Does allowing an individual with multiple accounts (one admin level and one standard), go against separation of duties? I think it doesn't go against separation of duties as any changes made would go through a change approval process requiring reviews and sign-off from other key stakeholders.

But it would be great to get your thoughts.


1 Answer 1


You created a bit of a paradox here that needs to be unpicked.

  • If you require that tool installation is a job duty that needs to be performed by another person, then facilitating that duty to be done by the end user (by giving an admin account) is a violation of SoD
  • If you require that the tool installation is a job duty that is inherent in that end user's job role, then it isn't a violation of SoD

Duties should be separated according to role need

You state that providing the admin account isn't a violation because there are change management processes to approve the legitimate installation of tools. That's a totally different issue. With a SoD lens, you have given the "duty" of installation to the end user. This means that the end user could also install illegitimate tools, which opens a separate risk that would be mitigated by giving this duty to another party.

So, the question is, should this "duty" (the installation) be separated into different parties? That's a decision for the business. "What constitutes a legitimate duty of this user?" And that's not something that can be captured in a "best practice" standard. That's a risk assessment balanced against business need. More separation means fewer ways for the end user to create a problem, but more separation also creates friction for the end user to do their other duties.

And in this case, giving the admin account to the end user is not a factor in determining "duties". That's another issue entirely.

Principle of Least Privilege

What I also think you are mixing into this situation is the "Principle of Least Privilege" (PoLP). People should only have as many rights (privileges) as are required by their duties (see above).

If the end user has the duty to install tools, then they need the rights to do that.

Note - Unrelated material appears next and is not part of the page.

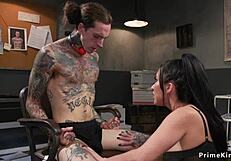 busty alt femdom straps on for inked man's anal destruction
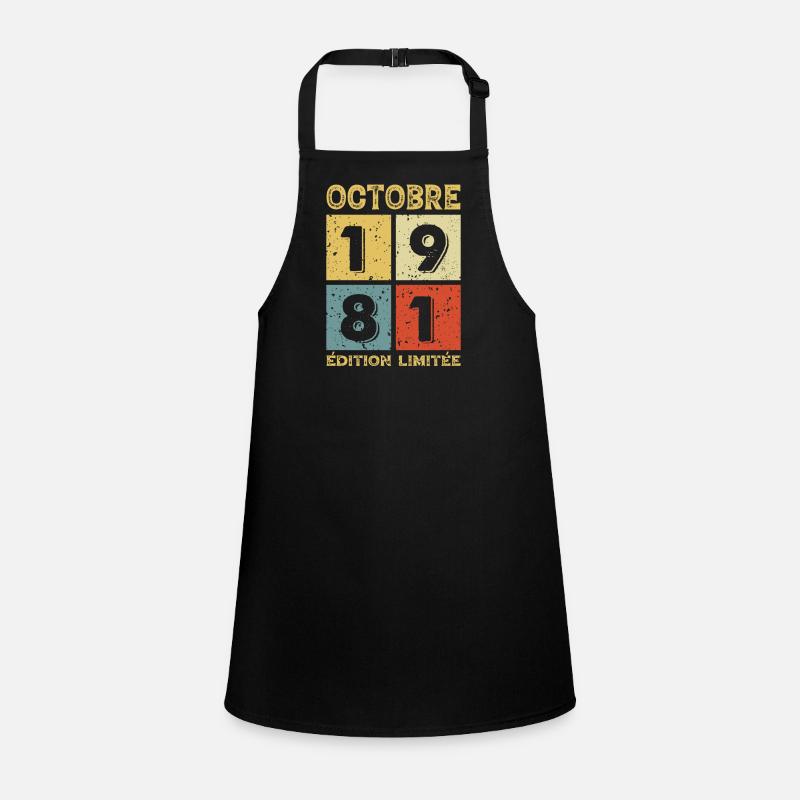Octobre 1981 Anniversaire Idée Cadeau Vintage Tablier Enfant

Best practice states that those elevated rights to install software should be in a separate, non-everyday-user account to protect against account compromise. But even this can create friction in some environments (software dev). So, some balance needs to be struct there (unless you need to comply with some regulations that state a certain requirement).


So, the answer to your question is, "it depends on whether installing tools is a legitimate duty of the user" but if you do assign this duty to the user, best practice states that admin rights be assigned to a separate account.